The reply to the records below should contain exactly the lines from the line with "Black Pinto Shetland" through the line with "Soho herensweatshirt in", and nothing besides.

***** Information provided *****

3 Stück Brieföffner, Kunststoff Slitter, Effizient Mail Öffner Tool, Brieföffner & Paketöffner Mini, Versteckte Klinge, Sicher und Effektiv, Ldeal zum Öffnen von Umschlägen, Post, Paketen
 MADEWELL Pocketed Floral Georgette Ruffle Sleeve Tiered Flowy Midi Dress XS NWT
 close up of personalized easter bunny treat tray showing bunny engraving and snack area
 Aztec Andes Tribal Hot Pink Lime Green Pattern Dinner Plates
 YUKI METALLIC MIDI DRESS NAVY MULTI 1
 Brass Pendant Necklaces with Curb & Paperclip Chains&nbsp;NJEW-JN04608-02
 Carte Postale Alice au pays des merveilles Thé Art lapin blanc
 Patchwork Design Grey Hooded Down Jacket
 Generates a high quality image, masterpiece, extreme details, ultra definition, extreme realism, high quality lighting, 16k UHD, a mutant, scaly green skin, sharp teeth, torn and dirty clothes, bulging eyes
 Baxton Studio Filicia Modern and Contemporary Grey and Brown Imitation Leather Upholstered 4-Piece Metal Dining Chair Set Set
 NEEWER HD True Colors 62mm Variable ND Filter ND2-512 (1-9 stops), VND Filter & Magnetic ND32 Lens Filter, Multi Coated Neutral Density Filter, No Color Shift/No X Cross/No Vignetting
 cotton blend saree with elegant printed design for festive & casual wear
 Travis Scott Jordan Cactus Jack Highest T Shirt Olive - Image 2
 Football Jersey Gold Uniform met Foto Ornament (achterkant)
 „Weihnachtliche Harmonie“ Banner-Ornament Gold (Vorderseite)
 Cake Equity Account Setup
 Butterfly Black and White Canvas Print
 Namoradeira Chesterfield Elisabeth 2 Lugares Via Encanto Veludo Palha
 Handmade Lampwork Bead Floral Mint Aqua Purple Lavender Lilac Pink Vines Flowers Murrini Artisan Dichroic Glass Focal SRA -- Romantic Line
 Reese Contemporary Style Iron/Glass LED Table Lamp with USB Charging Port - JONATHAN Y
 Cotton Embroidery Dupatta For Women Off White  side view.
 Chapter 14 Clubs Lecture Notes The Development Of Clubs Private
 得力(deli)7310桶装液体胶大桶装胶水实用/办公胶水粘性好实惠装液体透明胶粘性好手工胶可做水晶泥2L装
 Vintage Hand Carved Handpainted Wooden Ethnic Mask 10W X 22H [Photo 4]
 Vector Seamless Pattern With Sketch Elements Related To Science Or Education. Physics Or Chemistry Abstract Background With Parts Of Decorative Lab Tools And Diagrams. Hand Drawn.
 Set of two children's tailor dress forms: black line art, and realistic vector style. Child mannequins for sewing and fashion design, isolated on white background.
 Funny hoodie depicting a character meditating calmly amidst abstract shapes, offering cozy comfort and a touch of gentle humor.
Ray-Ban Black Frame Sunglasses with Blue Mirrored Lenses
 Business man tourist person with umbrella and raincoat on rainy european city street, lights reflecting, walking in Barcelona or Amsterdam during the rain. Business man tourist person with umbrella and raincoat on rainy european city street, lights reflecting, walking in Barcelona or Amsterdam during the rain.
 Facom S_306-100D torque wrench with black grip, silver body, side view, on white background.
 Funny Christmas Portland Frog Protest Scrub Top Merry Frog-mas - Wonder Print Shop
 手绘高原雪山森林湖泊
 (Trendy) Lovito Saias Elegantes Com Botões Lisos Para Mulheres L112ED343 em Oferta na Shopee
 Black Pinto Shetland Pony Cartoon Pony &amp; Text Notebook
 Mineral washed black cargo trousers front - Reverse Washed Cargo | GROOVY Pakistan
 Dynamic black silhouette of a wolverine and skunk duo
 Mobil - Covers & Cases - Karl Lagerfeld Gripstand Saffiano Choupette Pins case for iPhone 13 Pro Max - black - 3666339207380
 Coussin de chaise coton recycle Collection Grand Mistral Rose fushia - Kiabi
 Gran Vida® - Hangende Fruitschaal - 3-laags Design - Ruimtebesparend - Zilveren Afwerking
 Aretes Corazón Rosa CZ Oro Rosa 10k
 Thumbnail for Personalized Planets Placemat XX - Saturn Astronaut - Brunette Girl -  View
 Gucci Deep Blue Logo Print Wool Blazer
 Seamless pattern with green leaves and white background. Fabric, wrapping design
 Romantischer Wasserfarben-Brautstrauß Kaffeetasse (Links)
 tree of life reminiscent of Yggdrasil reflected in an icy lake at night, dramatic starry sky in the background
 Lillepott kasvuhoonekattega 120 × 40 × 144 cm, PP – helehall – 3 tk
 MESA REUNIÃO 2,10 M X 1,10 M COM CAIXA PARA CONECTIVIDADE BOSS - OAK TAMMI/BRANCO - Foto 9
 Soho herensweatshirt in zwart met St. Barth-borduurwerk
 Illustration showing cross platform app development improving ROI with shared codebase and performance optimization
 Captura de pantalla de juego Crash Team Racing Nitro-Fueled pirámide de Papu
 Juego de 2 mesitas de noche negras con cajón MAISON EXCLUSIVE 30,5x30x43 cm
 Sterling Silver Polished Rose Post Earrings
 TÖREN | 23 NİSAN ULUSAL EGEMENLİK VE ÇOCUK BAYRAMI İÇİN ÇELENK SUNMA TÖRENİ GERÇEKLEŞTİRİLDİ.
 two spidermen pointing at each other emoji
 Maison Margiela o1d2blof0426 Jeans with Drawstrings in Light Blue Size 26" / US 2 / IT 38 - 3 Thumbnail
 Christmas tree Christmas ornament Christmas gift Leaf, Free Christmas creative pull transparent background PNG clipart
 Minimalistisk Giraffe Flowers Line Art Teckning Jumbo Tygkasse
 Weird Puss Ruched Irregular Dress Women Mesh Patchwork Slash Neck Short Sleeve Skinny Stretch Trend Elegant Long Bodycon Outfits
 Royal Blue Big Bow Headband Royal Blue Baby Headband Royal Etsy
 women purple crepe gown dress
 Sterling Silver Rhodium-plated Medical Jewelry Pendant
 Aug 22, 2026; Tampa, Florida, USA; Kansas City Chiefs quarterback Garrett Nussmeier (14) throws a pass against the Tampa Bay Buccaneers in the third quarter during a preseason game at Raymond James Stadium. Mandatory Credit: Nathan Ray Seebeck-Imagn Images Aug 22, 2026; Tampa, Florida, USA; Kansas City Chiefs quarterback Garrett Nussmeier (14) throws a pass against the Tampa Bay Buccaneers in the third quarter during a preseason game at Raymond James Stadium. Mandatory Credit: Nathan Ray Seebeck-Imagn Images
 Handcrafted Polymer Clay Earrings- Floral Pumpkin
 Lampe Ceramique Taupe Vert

*****

> _Solved problem_
 Black Pinto Shetland Pony Cartoon Pony &amp; Text Notebook
 Mineral washed black cargo trousers front - Reverse Washed Cargo | GROOVY Pakistan
 Dynamic black silhouette of a wolverine and skunk duo
 Mobil - Covers & Cases - Karl Lagerfeld Gripstand Saffiano Choupette Pins case for iPhone 13 Pro Max - black - 3666339207380
 Coussin de chaise coton recycle Collection Grand Mistral Rose fushia - Kiabi
 Gran Vida® - Hangende Fruitschaal - 3-laags Design - Ruimtebesparend - Zilveren Afwerking
 Aretes Corazón Rosa CZ Oro Rosa 10k
 Thumbnail for Personalized Planets Placemat XX - Saturn Astronaut - Brunette Girl -  View
 Gucci Deep Blue Logo Print Wool Blazer
 Seamless pattern with green leaves and white background. Fabric, wrapping design
 Romantischer Wasserfarben-Brautstrauß Kaffeetasse (Links)
 tree of life reminiscent of Yggdrasil reflected in an icy lake at night, dramatic starry sky in the background
 Lillepott kasvuhoonekattega 120 × 40 × 144 cm, PP – helehall – 3 tk
 MESA REUNIÃO 2,10 M X 1,10 M COM CAIXA PARA CONECTIVIDADE BOSS - OAK TAMMI/BRANCO - Foto 9
 Soho herensweatshirt in zwart met St. Barth-borduurwerk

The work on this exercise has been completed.